Digging back into my memory was easy at first, until I began to sort out certain events and experiences. Sometimes I would find myself questioning events for which I had no rock solid confirmation. I know certain facts about my mother’s life because I have paper records, such as report cards, release papers from employers, my parents’ marriage license, birth certificates, etc. Other events I have nothing but a recollection of stories told by my parents and other family. How do I go about proving that I’m sharing the truth?
An example is her employment during the last 18 months of WWII. Mama was a real-life Rosie the Riveter at a plant in Nashville, TN. She wore the bandana, slacks (oh, my!) and she bucked rivets. According to her stories, an almost thankless job. At the end of the war, she was also one of many women left without work as the men and boys returned. I know this because she told me; an older brother has only vague recollections and a younger brother “never heard of such.” So, what do I do without tangible substantiation?

INSIGHT NO. 5
The truth as you know it should be sufficient as you write your memoir. After all, this is your story. Several memoirs I have read actually include a disclaimer indicating that the story told is as true as the writer’s ability to recall it. Basically, a memoirist writes the truth as he or she knows it.
In this case, if I decide to include this vignette of Mama’s life, I tell the story just as I know it. No references are necessary to my brothers, and I know what she told me, more than once.
Tell your truth as you know it.

These are just a few of many insights you may gain while writing memoir. For me, they have stretched my writing style and mental process. I hope that sharing them here today will help you.

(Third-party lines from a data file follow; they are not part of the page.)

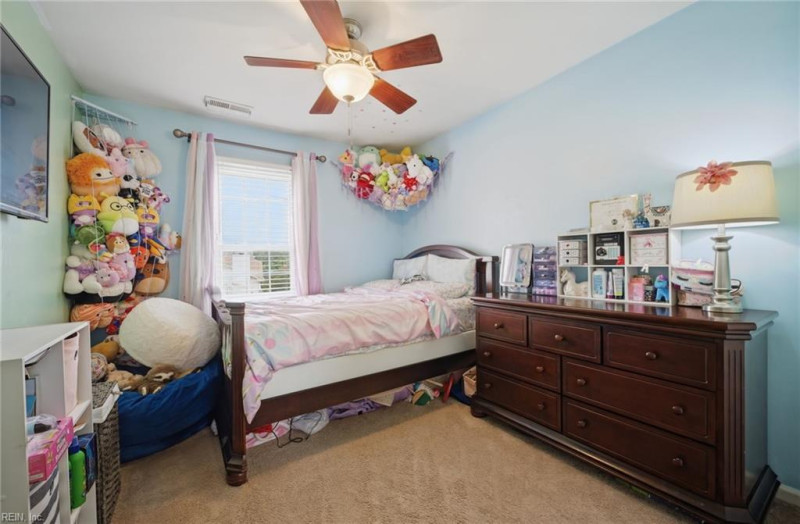Photo 24 of 42 residential for sale in Virginia Beach virginia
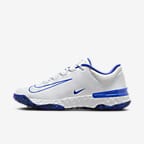 White/Hyper Royal/Deep Royal/Pure Platinum
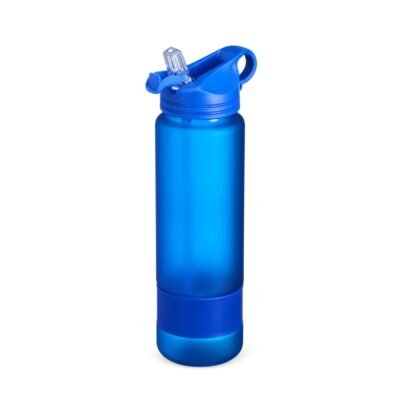 squeeze plástico 900ml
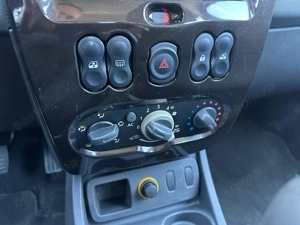 Dacia Duster 1.5 Diesel 107 CP An 2011 - imagine 15
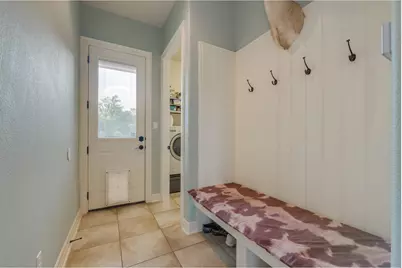 30201 Live Oak Trail, Georgetown, TX 78633 - Photo 16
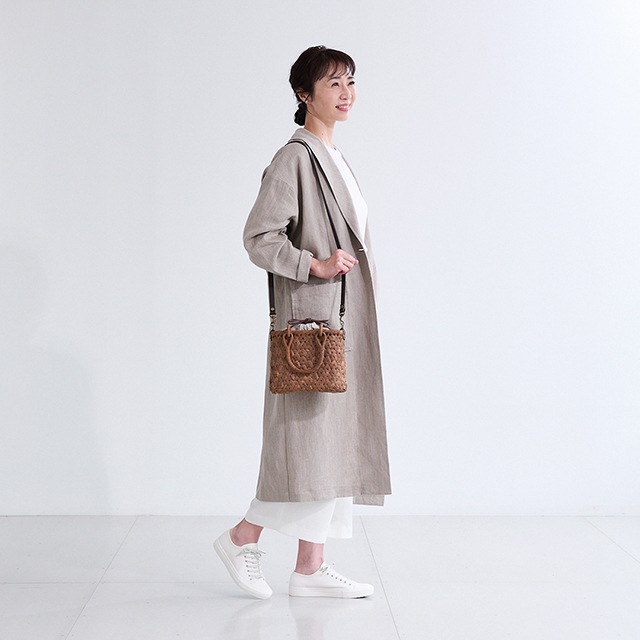 2way���ͤΤ�ޤ֤ɤ��Хå�<br>(Ŵ���Ԥ�/��������/��󥰼��/��ͥ������)<br>(��)��23�ߥޥ�9�����ι⤵18cm<br>(��)500g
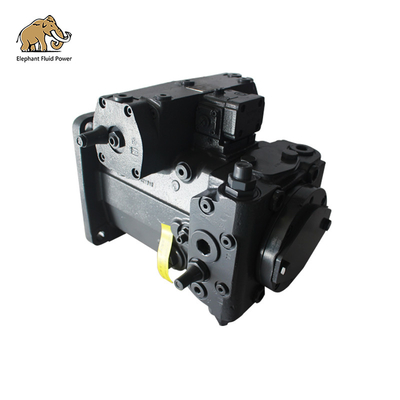 Συσκευαστικά για βενταμίνες Putzmeister 295238001 Rexroth A4VG180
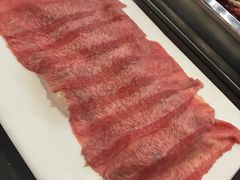 -凤来栖·净庭院·火锅(欧尚店)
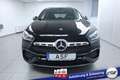 Mercedes-Benz GLA 250 AMG Line 4Matic #Schiebedach #Toter-Winkel #Kam... Negru - thumbnail 3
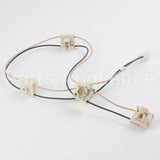 W11376663 Whirlpool Harns-Wire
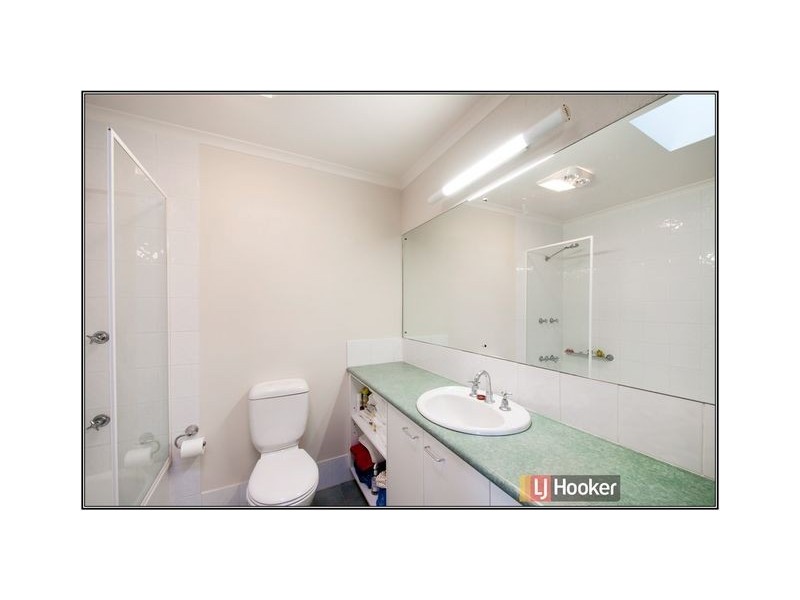 11B Carrington Street, Deakin ACT 2600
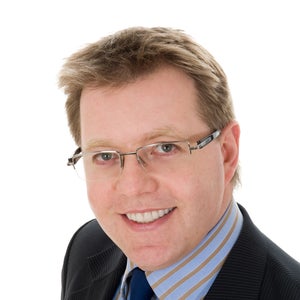 Steve Philip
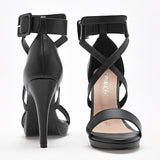 Pakar.com | Tienda online - Zapatilla para mujer Moramora - Envío gratis desde $500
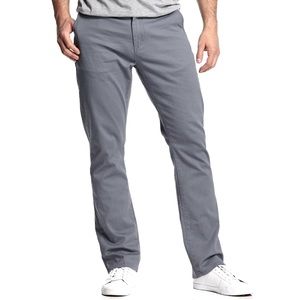 Flag and Anthem Nashville Straight Left Best Fit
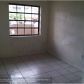 13230 SW 58th Ter # 15-8, Miami, FL 33183 ID:138216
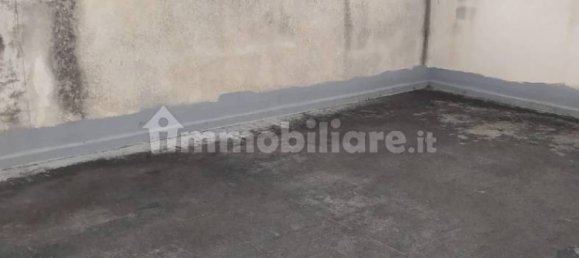 2 Schlafzimmer Wohnung in Vico del Gargano, Italy, Nr. 355586 18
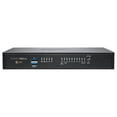 thumbnail image 1 of SonicWall TZ670 Network Security/Firewall Appliance, 1 of 9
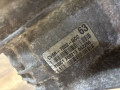 КПП механическая (МКПП) Ford Focus 3 поколение (2011 - 2015), 2.0 л., Ti, R9DA, бензин, МКПП, передний привод, CV6R7002GCC, 1857745, 1750448 - фото №6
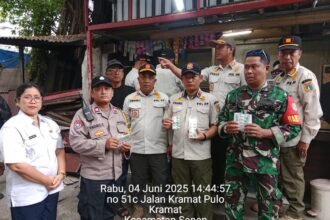IMG 20250604 WA0199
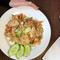 Dao's Thai & Bayerische Gaststätte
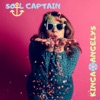 Soul Captain - EP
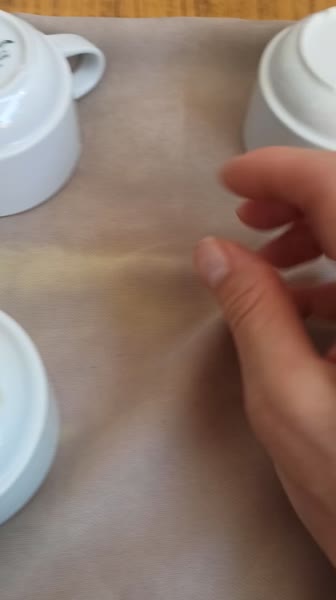 видео из отзыва ID 2629879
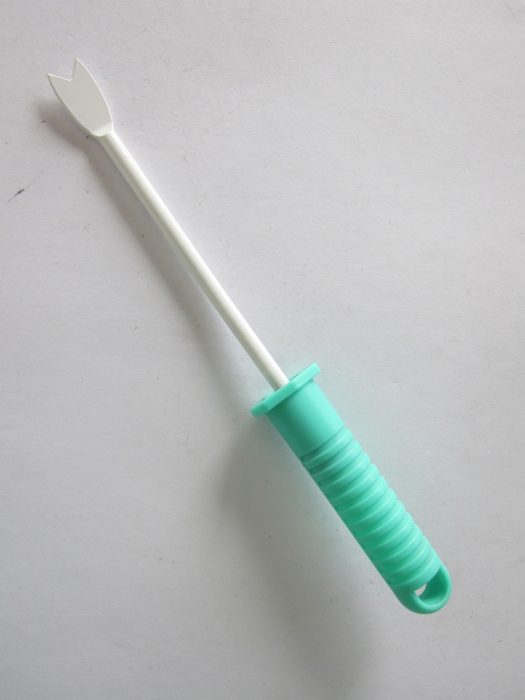 Rake Rake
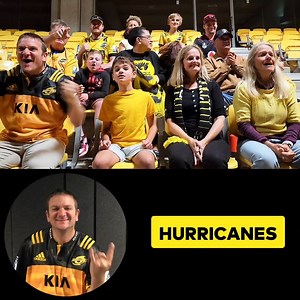 1.8K views · 51 reactions | It’s New Zealand Sign Language Week and...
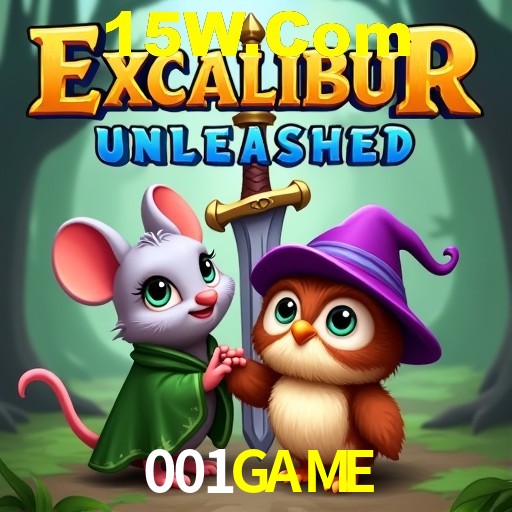 Explorando a Categoria de Eventos em Apostas na 001GAME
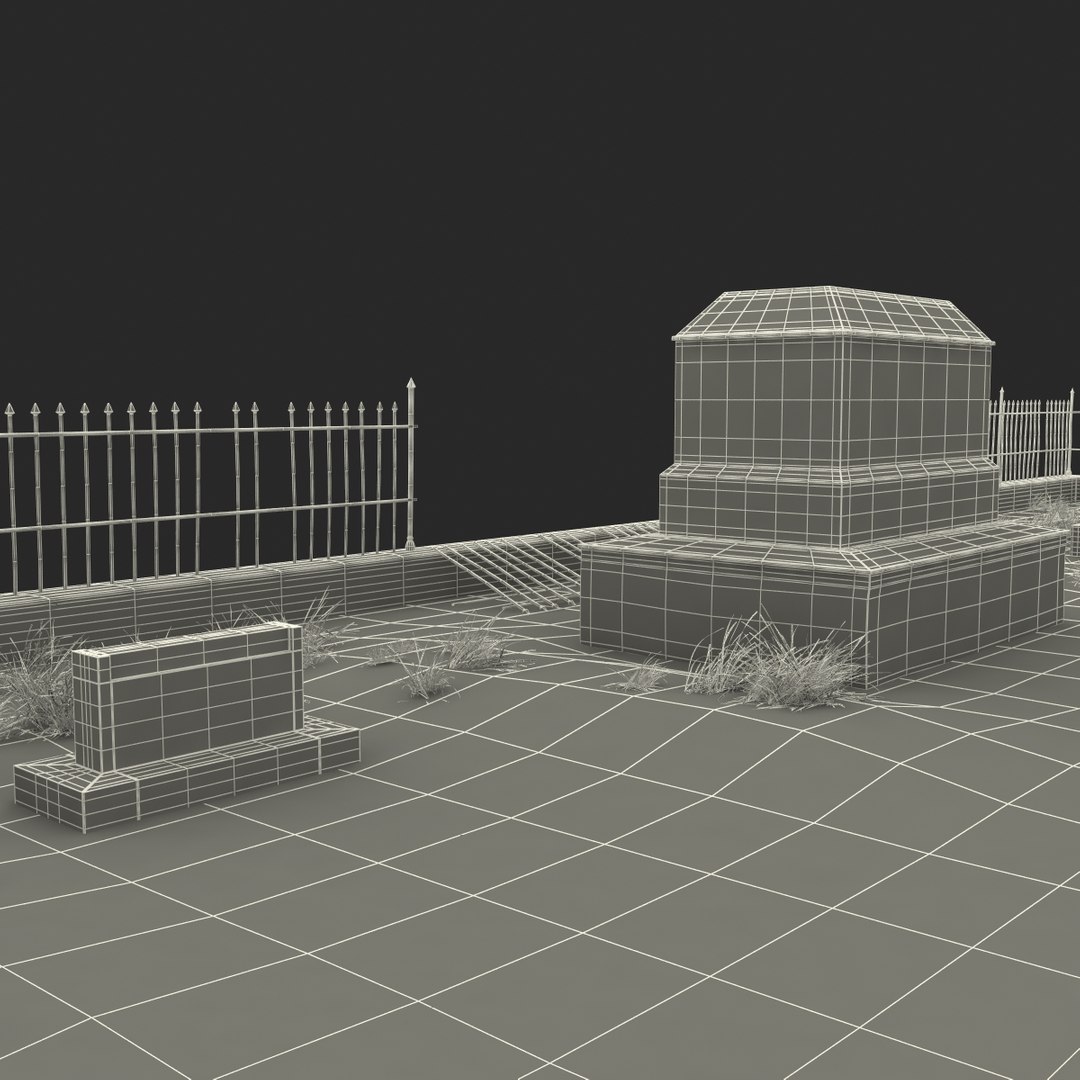 3d graveyard grass https://p.turbosquid.com/ts-thumb/4q/8CJvA7/dy75Kikl/graveyardwithgrass_195/jpg/1405714157/1920x1080/fit_q87/b4556cadb8302411347a68e0bce8fd5ee1bbfdd1/graveyardwithgrass_195.jpg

Thank you, Clara, for inviting me to share time and space on your blog. It has been a pleasure.

Sherrey, the pleasure was mine. Thank you for sharing your memoir writing insights with me and my readers! I’m energized to continue to fight the good fight of writing my memoir!

How far have you come on your memoir writing journey? Has Sherrey’s insights given you food for thought?

Here’s a bit more about Sherrey Meyer:

A retired legal secretary, Sherrey Meyer grew tired of drafting and revising pleadings and legal documents. She had always dreamed of writing something else, anything else! Once she retired she couldn’t stay away from the computer, and so she began to write. Among her projects is a memoir of her “life with mama,” an intriguing Southern tale of matriarchal power and control displayed in verbal and emotional abuse.